The idea for this activity was stolen from my colleague Paul Fyfe of Florida State University; I first saw Prof. Fyfe present his assignment at MLA 2012. Prof. Fyfe describes his version of the assignment in “How Not to Read a Victorian Novel,” Journal of Victorian Culture 16, no. 1 (April 2011). Here’s how Paul introduces the assignment for his students:
Franco Moretti was dissatisfied with how literary scholars accept just a handful of possible texts as representative of cultural eras. Even if those texts are diverse and interesting, how can they possibly represent broader trends at scale? Moretti wants to change our sense of literary history by enlarging it, or by increasing our critical distance from it. He coined the phrase “distant reading” as an approach to analyzing lots and lots of texts instead of an unrepresentative few. Distant reading uses other modes of analysis and models of interpretation than the “close reading” we are familiar with. In his own work, Moretti compiles textual information from lots and lots of novels into maps, graphs, and logical trees. Seen this way, texts can reveal new patterns and language trends than we could otherwise discover close up. An array of digital visualization and text analysis tools now make Moretti’s methods more accessible to the casual user. The first paper will be an experiment in using these tools. We will consider “distance” not only as the subject of our course but also as a potential mode of reading and interpretation. What does literary criticism and analysis look like if we accept distance “as a condition of knowledge”?

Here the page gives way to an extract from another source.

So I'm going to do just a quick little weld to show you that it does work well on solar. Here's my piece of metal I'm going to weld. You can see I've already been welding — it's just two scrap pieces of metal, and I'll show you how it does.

Distance is a pretty good approach to the Victorian novel, considering that 40,000+ books of prose fiction were published in the last two-thirds of the nineteenth century. No one can read them all. But perhaps we can learn how to not read them. As Moretti and others have demonstrated, digital technology provides lots of interesting ways of doing this. Using some selected tools, you will analyze a big Victorian novel and then write a paper explaining your questions and insights. There’s one catch: it has to be a book you have never read.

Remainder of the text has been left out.